5) ‘I’m still less interested in Bitcoin than I am in the possibilities of blockchain technology’
The ‘still’ is vital here. It suggests you’ve been across this story for ages and you’ve probably been right all along. Add ‘that’s where I’d be looking to put my money’ as if somebody had actually asked you for investment advice. They can thank you later.
6) ‘…and all this is all before President Biden’s $1.9 trillion stimulus’
A useful way of tailing off any rambling in order to make it sound relevant. You follow the news. Talk about putting ‘rocket fuel on the raging bonfire’ and the dangers of a ‘turbo-charged economy’ and so on. Say ‘on steroids’ at least twice. Put on a pained face and snort, ‘call me old-fashioned but what happened to fiscal conservatism?’
For extra pseud points, try ‘I don’t want to come across all Austrian-school here’ and mention ‘the gold-standard’, ‘Weimar’ and ‘wheelbarrows full of cash’. Highly advanced bluffers can try raising the intriguing possibilities of ‘what hyper-inflation in the digital age might mean.’
7) ‘Just because we didn’t have traditional inflation after 2008 doesn’t mean we won’t experience it now’
You aren’t one of these ‘Neo-Keynesians’ (definitely drop that in) who reads too much into the last crisis. Stress ‘traditional’ to avoid getting caught out. There’s no such thing as inflation when it comes to saying ‘hyperinflation’ — so feel free to repeat indefinitely, though be sure to offset by adding that you also see the ‘deflationary pressures at the macro level’. It’s yin and yang, but you knew that.
For dramatic impact you could add that you ‘believe we could be about to experience something unprecedented in economic history’. Keep it sufficiently vague, nobody will expect you to explain.
8) ‘Why aren’t we talking more about environmental consequences of Bitcoin mining?’

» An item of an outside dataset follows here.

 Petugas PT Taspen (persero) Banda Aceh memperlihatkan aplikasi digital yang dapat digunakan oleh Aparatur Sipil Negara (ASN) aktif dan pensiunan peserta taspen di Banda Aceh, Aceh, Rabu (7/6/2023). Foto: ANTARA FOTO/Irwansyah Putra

Why, oh, why? This is a great example of what advanced bluffers call ‘a club double’ — it signals knowledge plus virtue. While all your avaricious pals are scoffing at the digital-coin trough, you are worried about the planet and the future. You are also ‘not sure if people understand how much computing power is needed to mine just one Bitcoin’ as if you are one of the few people who really does understand. Forget that you still don’t have the foggiest what a Bitcoin actually is let alone how you mine one. Remember how much you cherish the Arctic ice cap and feel good about yourself.